**PROBLEM DETAILS**
Could you write out all of the data again, word for word?

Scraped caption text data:
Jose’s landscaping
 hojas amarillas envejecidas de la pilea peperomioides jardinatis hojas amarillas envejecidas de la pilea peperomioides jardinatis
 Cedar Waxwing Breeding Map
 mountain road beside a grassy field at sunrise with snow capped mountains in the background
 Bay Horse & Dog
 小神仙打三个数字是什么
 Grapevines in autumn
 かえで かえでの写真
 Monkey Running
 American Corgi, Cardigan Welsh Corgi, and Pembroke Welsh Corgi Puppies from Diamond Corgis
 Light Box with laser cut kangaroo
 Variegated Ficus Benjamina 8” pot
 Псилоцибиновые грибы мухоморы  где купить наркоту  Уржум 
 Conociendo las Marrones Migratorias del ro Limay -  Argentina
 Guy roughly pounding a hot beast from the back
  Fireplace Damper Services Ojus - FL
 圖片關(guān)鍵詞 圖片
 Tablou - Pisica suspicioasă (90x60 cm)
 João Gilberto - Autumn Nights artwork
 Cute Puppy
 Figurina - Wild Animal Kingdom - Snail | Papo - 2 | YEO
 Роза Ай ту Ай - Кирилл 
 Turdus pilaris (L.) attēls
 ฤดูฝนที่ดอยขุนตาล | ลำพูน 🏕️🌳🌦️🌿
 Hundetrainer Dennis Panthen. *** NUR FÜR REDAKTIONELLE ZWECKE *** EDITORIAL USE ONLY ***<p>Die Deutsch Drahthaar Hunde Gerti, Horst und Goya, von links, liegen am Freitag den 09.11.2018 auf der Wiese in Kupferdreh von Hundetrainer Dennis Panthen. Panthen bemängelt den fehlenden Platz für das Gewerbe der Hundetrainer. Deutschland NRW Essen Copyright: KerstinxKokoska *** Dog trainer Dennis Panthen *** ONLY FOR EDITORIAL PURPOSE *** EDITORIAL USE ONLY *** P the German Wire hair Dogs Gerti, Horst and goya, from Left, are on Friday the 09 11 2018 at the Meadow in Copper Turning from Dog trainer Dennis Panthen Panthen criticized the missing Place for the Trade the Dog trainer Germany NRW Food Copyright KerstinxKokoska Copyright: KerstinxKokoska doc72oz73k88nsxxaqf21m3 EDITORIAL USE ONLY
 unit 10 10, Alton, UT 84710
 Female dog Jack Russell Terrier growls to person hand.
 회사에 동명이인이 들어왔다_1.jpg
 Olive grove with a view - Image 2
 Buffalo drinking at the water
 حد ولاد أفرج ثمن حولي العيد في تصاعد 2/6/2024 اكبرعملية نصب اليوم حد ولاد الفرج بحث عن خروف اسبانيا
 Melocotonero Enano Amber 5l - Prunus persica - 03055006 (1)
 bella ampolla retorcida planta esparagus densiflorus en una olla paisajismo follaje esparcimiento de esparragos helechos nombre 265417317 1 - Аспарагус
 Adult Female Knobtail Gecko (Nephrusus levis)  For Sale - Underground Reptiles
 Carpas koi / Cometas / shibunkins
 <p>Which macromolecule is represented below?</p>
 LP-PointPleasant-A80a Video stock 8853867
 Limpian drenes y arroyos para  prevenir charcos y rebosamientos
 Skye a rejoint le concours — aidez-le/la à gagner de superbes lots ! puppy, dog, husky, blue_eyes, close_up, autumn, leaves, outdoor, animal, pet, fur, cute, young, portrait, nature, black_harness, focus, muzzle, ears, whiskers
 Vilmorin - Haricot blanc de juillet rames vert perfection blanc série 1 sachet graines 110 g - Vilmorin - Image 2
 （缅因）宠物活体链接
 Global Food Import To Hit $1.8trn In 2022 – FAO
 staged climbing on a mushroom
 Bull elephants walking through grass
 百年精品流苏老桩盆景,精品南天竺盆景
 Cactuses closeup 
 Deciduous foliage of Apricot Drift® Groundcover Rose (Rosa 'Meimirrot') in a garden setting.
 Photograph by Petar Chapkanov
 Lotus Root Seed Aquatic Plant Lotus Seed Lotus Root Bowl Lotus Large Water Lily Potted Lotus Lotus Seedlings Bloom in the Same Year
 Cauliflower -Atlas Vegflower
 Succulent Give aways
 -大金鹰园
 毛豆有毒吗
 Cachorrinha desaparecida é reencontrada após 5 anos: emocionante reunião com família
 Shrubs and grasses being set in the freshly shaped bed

**FINISHED TASK**
Jose’s landscaping
 hojas amarillas envejecidas de la pilea peperomioides jardinatis hojas amarillas envejecidas de la pilea peperomioides jardinatis
 Cedar Waxwing Breeding Map
 mountain road beside a grassy field at sunrise with snow capped mountains in the background
 Bay Horse & Dog
 小神仙打三个数字是什么
 Grapevines in autumn
 かえで かえでの写真
 Monkey Running
 American Corgi, Cardigan Welsh Corgi, and Pembroke Welsh Corgi Puppies from Diamond Corgis
 Light Box with laser cut kangaroo
 Variegated Ficus Benjamina 8” pot
 Псилоцибиновые грибы мухоморы  где купить наркоту  Уржум 
 Conociendo las Marrones Migratorias del ro Limay -  Argentina
 Guy roughly pounding a hot beast from the back
  Fireplace Damper Services Ojus - FL
 圖片關(guān)鍵詞 圖片
 Tablou - Pisica suspicioasă (90x60 cm)
 João Gilberto - Autumn Nights artwork
 Cute Puppy
 Figurina - Wild Animal Kingdom - Snail | Papo - 2 | YEO
 Роза Ай ту Ай - Кирилл 
 Turdus pilaris (L.) attēls
 ฤดูฝนที่ดอยขุนตาล | ลำพูน 🏕️🌳🌦️🌿
 Hundetrainer Dennis Panthen. *** NUR FÜR REDAKTIONELLE ZWECKE *** EDITORIAL USE ONLY ***<p>Die Deutsch Drahthaar Hunde Gerti, Horst und Goya, von links, liegen am Freitag den 09.11.2018 auf der Wiese in Kupferdreh von Hundetrainer Dennis Panthen. Panthen bemängelt den fehlenden Platz für das Gewerbe der Hundetrainer. Deutschland NRW Essen Copyright: KerstinxKokoska *** Dog trainer Dennis Panthen *** ONLY FOR EDITORIAL PURPOSE *** EDITORIAL USE ONLY *** P the German Wire hair Dogs Gerti, Horst and goya, from Left, are on Friday the 09 11 2018 at the Meadow in Copper Turning from Dog trainer Dennis Panthen Panthen criticized the missing Place for the Trade the Dog trainer Germany NRW Food Copyright KerstinxKokoska Copyright: KerstinxKokoska doc72oz73k88nsxxaqf21m3 EDITORIAL USE ONLY
 unit 10 10, Alton, UT 84710
 Female dog Jack Russell Terrier growls to person hand.
 회사에 동명이인이 들어왔다_1.jpg
 Olive grove with a view - Image 2
 Buffalo drinking at the water
 حد ولاد أفرج ثمن حولي العيد في تصاعد 2/6/2024 اكبرعملية نصب اليوم حد ولاد الفرج بحث عن خروف اسبانيا
 Melocotonero Enano Amber 5l - Prunus persica - 03055006 (1)
 bella ampolla retorcida planta esparagus densiflorus en una olla paisajismo follaje esparcimiento de esparragos helechos nombre 265417317 1 - Аспарагус
 Adult Female Knobtail Gecko (Nephrusus levis)  For Sale - Underground Reptiles
 Carpas koi / Cometas / shibunkins
 <p>Which macromolecule is represented below?</p>
 LP-PointPleasant-A80a Video stock 8853867
 Limpian drenes y arroyos para  prevenir charcos y rebosamientos
 Skye a rejoint le concours — aidez-le/la à gagner de superbes lots ! puppy, dog, husky, blue_eyes, close_up, autumn, leaves, outdoor, animal, pet, fur, cute, young, portrait, nature, black_harness, focus, muzzle, ears, whiskers
 Vilmorin - Haricot blanc de juillet rames vert perfection blanc série 1 sachet graines 110 g - Vilmorin - Image 2
 （缅因）宠物活体链接
 Global Food Import To Hit $1.8trn In 2022 – FAO
 staged climbing on a mushroom
 Bull elephants walking through grass
 百年精品流苏老桩盆景,精品南天竺盆景
 Cactuses closeup 
 Deciduous foliage of Apricot Drift® Groundcover Rose (Rosa 'Meimirrot') in a garden setting.
 Photograph by Petar Chapkanov
 Lotus Root Seed Aquatic Plant Lotus Seed Lotus Root Bowl Lotus Large Water Lily Potted Lotus Lotus Seedlings Bloom in the Same Year
 Cauliflower -Atlas Vegflower
 Succulent Give aways
 -大金鹰园
 毛豆有毒吗
 Cachorrinha desaparecida é reencontrada após 5 anos: emocionante reunião com família
 Shrubs and grasses being set in the freshly shaped bed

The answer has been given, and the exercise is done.